Does the Gay Agenda Supersede the Human Agenda?
I believe that a president's singular agendum should be the betterment of the entire nation, not just various segments. Obama's agenda on gay issues is not evolving; it's evolved. Other than pop culture curiosity, I don't think most conservatives care about Obama's sexual past, present, or future. But we do care when the gay agenda supersedes the human agenda.
I discuss my book The BIG Black Lie my discovery of "gay," which was fairly benign. I was around 12 years old, and my grandfather had stopped to gas up before we left Dallas. As my grandfather pumped gas, I saw what I thought to be, at the time, "the prettiest man I had ever seen." He was very well-dressed, but noticeably different from what I had been raised to think of as a man. He was perfectly dressed in a tan jumpsuit, and he had a beret to match. I remember he carried a matching clutch that looped around his neck and was tucked just below his armpit.
As a kid from the country, I had never seen such style in my life. I had to know what I was seeing, so I whispered for my grandmother to look at the man as he walked by. My grandmother took a stealthy glance, then whispered to me, "He's funny."
I had no idea what "funny" meant, but would learn over time. Until further revelations, I just knew that I wasn't "funny."
Over time, I altered my perception of what a man is. I would further learn of all the variations in how people form that make the idea of gender confusing at times. I developed compassion for people in these areas, and learned to respect the idea that the human body is a complicated creation, which the mind can complicate to unfathomable degrees.
Understanding that everybody doesn't think as I do or act as I do, I learned not to moralize on the conditions of others, to just let them be. I recognized that these "different" people I described were of all races, ethnicities, creeds, and so on.
As a youth, I thought it was mainly white people who are gay. To be gay in the black culture was almost unheard of, or so I was conditioned. Prior to my exposure to "pretty man," I had only heard of gays anecdotally, and I do recall having certain feelings or suspicions about some males and females I had met. I remember that blacks were simply not supposed to be gay, and particularly not black boys. We were to be tough.

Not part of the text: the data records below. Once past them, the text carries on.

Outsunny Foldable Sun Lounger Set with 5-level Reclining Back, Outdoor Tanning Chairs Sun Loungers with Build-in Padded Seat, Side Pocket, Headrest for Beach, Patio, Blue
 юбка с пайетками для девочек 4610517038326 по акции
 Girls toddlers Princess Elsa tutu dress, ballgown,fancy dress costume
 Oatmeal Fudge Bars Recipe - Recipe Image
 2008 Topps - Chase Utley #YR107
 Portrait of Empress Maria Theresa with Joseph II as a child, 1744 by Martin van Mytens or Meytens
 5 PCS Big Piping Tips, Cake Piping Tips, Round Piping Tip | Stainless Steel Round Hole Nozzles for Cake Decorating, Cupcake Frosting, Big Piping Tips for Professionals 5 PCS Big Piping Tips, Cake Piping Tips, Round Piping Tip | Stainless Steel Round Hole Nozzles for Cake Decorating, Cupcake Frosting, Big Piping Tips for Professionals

Our role was to love women and lots of them.
In early adulthood, I recognized a very different world from what black culture had taught me. Blacks were just as gay as whites, whites were just as poor as blacks, and so on. I learned that these nice neat boxes that the world kept trying to put people in just didn't fit.
As I traveled, I found that there were all these same "different" people all over the world. I learned that transsexuals were treated much the same almost everywhere I went. Cross-dressers were gawked at almost universally. Being gay was discouraged, to say the least. I got it.
In my travels I learned that all these people were part of the human condition. We can argue the nature-nurture theory; nevertheless, I assure you that I know it to be a bit of both.
I learned that you can't legislate people in issues such as this, which is what my problem with Obama is. Obama wants to carve out rules that won't make it better for the LGBT, but will have quite the opposite impact. All the rules that were carved out for blacks essentially remove black people from being part of the human race. The best thing that the LGBT have is their humanity, not some conforming box.
Without creating books like "Billy has two black parents," black people managed to overcome all the adversity of slavery and the lack of civil rights. The understanding of black culture didn't come from books; it came from people realizing the contribution that blacks have made and seeing it with their own eyes. Who knows if some of history's most famous blacks were gay or wished they were another gender? If you told me that George Washington Carver had dressed in women's clothes, that would not diminish his accomplishments to the world in the least. Nor do Carver's accomplishments have more impact on America because he was black. Peanut butter is delicious, regardless of Carver's sexuality, ethnicity, and any other proclivities he may have had.
You would think that we would have learned something by now about how to deal with people, and government leaders would lead by example, and not attempt to legislate thought. Despite what people may believe, Civil Rights laws are not the reason Obama is president. Obama is president because people in America long ago abandoned focusing on color -- save the racists who voted for Obama strictly because he is black. For the most part, the people who voted for Obama did so because they felt he was going to be a transformational figure in American politics, not gay politics or black politics.
There has been a lot of money spent on removing people from the human race and putting them in special boxes. Obama wants to do the same for the LGBT, because of his life experiences and his evolution. Seventeen trillion dollars has been spent on the evolution of "helping blacks," and I don't see a lot of progress at the Main Street level. How much money is America willing spend on the LGBT agenda? How many more manuals and training sessions do we need for Americans to treat people as humans?
For the most part, Americans interact with people based on our needs and their performance. I choose my friends based on common core values, without moralizing about those whose values don't necessarily agree with mine. I don't have to have gay friends in order to not be homophobic. I don't need white friends to prove I'm not racist.
All men are created equal. It's time for Obama to stop with the politicizing various agendas, and focus on the human agenda, the American agenda.